A feature summary of some of the new Intel Kaby Lake U-series chips.
Within the Y-series chips, core clock speeds will span 1.0GHz to 1.3GHz, using Intel's "turbo boost" to overclock from 2.6GHz to 3.6GHz when needed. For example, a Core i7-7Y75 Kaby Lake part will include 2 cores/4 threads, with a base frequency of 1.3GHz and a "turbo boost" frequency of a whopping 3.6GHz.
The more powerful U series, meanwhile, will run at core clock speeds from 2.4GHz to 2.7GHz, with "turbo boost" speeds of 3.1GHz to 3.5GHz. Though you'll probably never buy either chip yourself, Intel's public pricing on both series is identical, ranging from $281 to $393.
Intel's 7th gen Kaby Lake is built on the same 14nm process but improvements in manufacturing and under the hood tweaks have lead to not insignificant performance boosts depending on the task.
Be aware, however, of the important branding difference between the two processor families launched. A generation ago, the Y-series was known as Core m. Now, however, Intel has largely done away with that specific brand, dubbing it just another Core i7 instead. Only the m3-7Y30 will be officially known as a Core m3.
One of the elements that helped Kaby Lake's performance is an improved "Speed Shift" technology. Intel's "Turbo Boost" technology kicks a single processor core into an overclocked state. But Speed Shift governs how quickly that happens-and Kaby Lake accomplishes that task faster than Skylake does. That makes Kaby Lake more responsive: about 19 percent quicker on browsing with Edge-a "feels faster" improvement, Intel executives said.
Intel didn't say anything about Kaby Lake's graphics performance, though we'd guess (as indicated above) that it can at least play Overwatch, a popular online shooter, at decent settings. Otherwise, Intel executives encouraged reporters to compare Kaby Lake to a five-year-old PC: Kaby Lake can convert an hour-long 4K video in 12 minutes, 6.8 times faster than an ancient Core i5-2467M Sandy Bridge chip. According to Intel, it's "three times better" in Overwatch as well.
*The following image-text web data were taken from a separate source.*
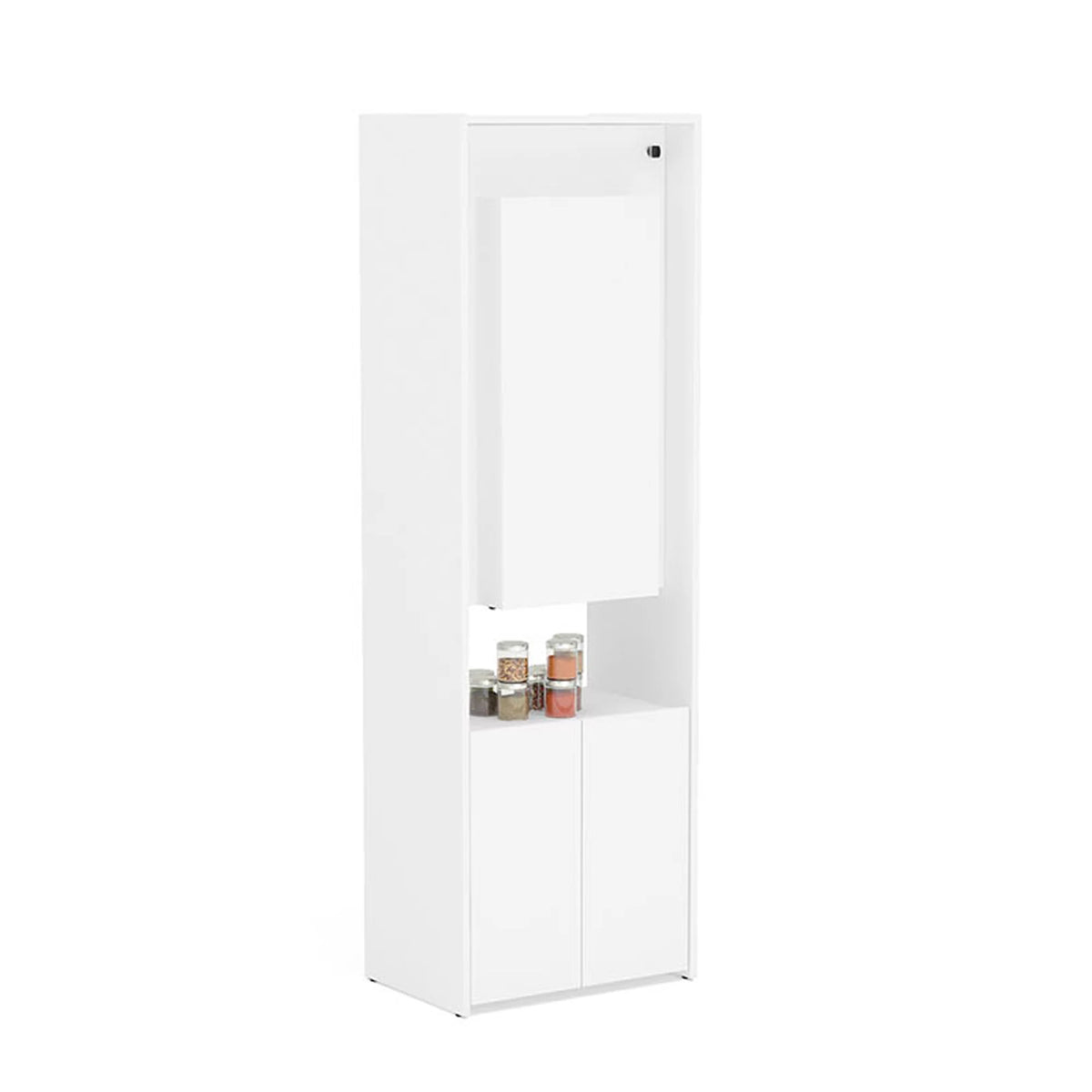 Modern Cabinet with Desk and Shelves, White F28400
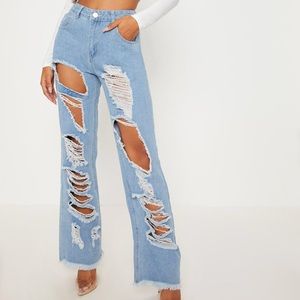 NWT PrettyLittleThing Extreme Rip Wide Leg Jeans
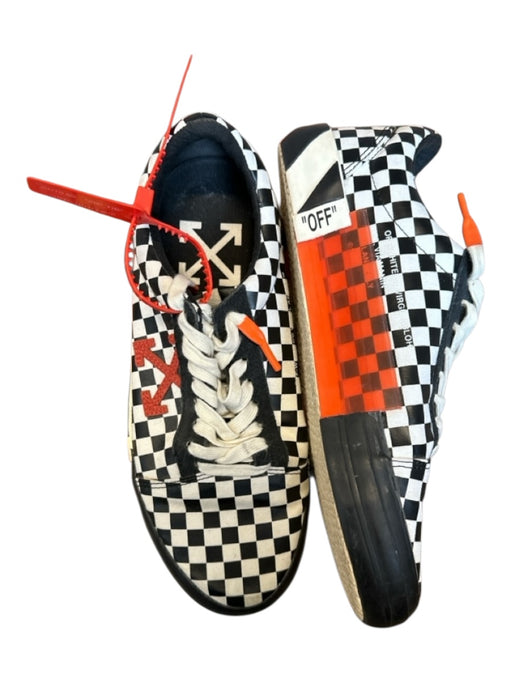 Off-Whiite Shoe Size 43 Black & White Canvas Checkered Lace Up Athletic Sneakers Black & White / 43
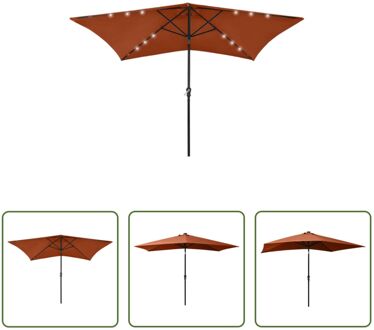 Parasol Terracotta 200x300x247 cm - UV-beschermend en draagbaar Bruin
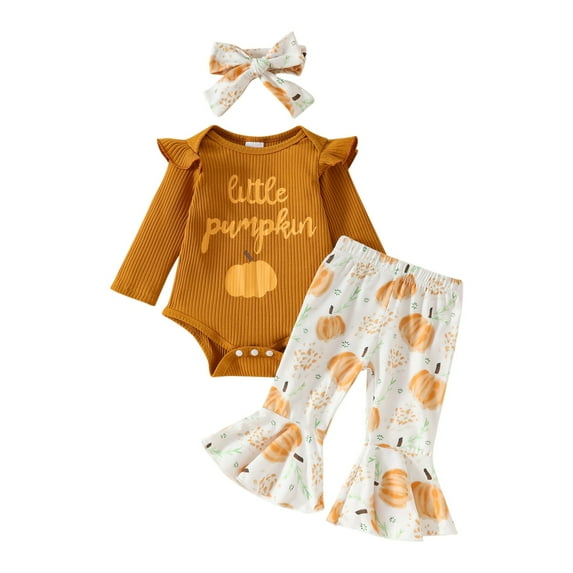 EnJoCho My First Hallow-een Baby Girl Outfit Set Ribbed Rufle Romper Pumpkin Print Flared Pants Headband Kids 𝖢ostume for Photoshoot Party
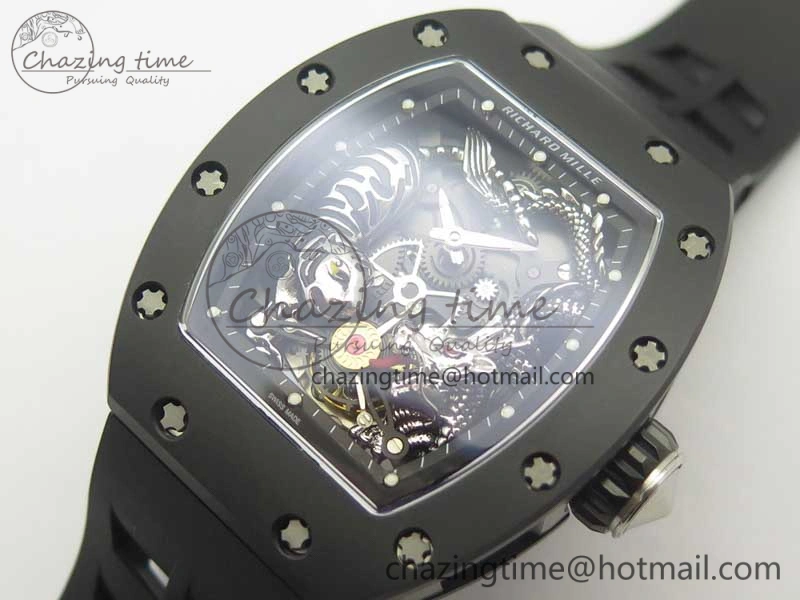RM 51-01 Black Ceramic Tiger & Dragon KVF Best Edition on Black Rubber Strap MIYOTA8215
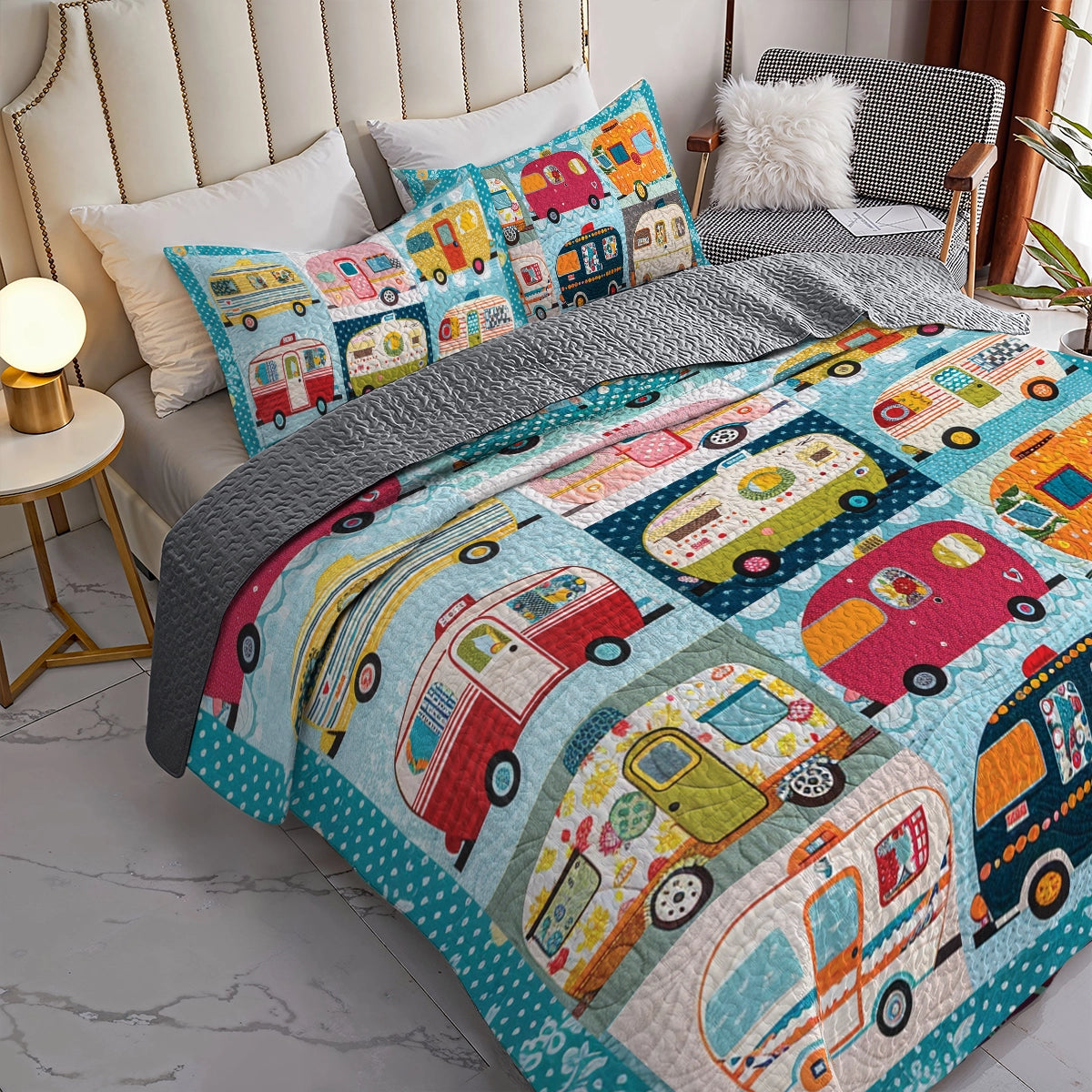 Shineful All Season Quilt 3-Piece Set Vintage Camper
With Kaby Lake, the processor jumps up into an overclocked state faster than Skylake.
Otherwise, the differences lie mainly in the platform capabilities. Intel says convertible PCs and clamshells can now be manufactured thinner than 10mm, and more than 120 Kaby Lake PCs will include a Thunderbolt connection, which the chip supports.
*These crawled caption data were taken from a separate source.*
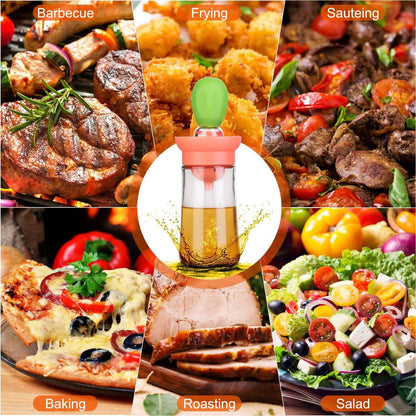 2-in-1 Glass Olive Oil Dispenser with Silicone Dropper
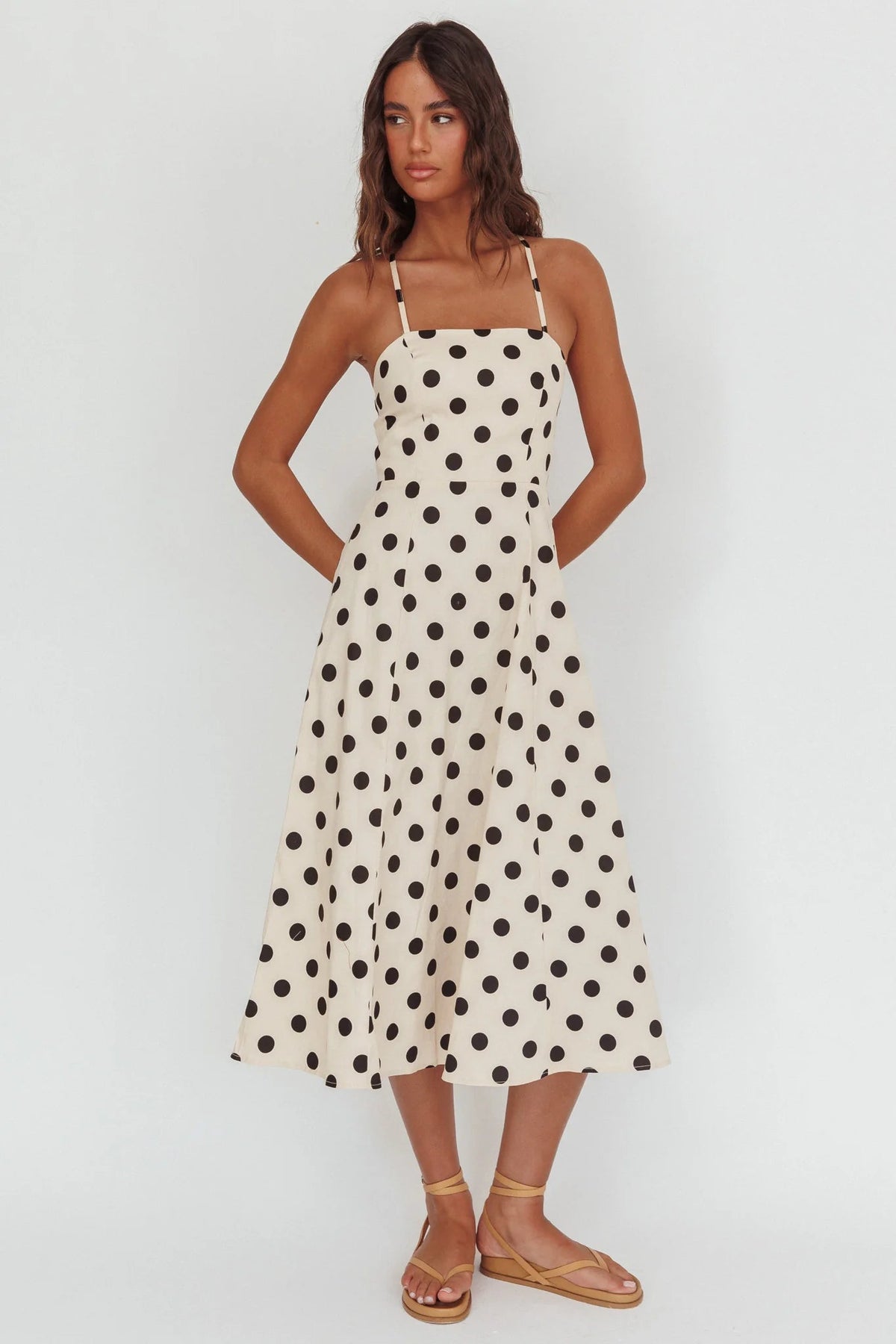 Second Glance Olga Criss-Cross Back Midi Dress Polka Dot Beige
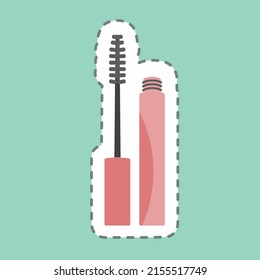 Sticker line cut Mascara. suitable for beauty care symbol. simple design editable. design template vector. simple symbol illustration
Intel defines premium and baseline Kaby Lake configurations. The baseline spec supports up to eight USB 2.0 ports, up to four USB 3.0 ports, and up to 10 lanes of older Gen-2 PCI Express. Intel's premium ultrabook spec supports up to six USB 2.0 and USB 3.0 ports, plus up to 10 Gen-3 lanes of PCI Express. The premium configuration also supports Smart Response Technology; the baseline does not.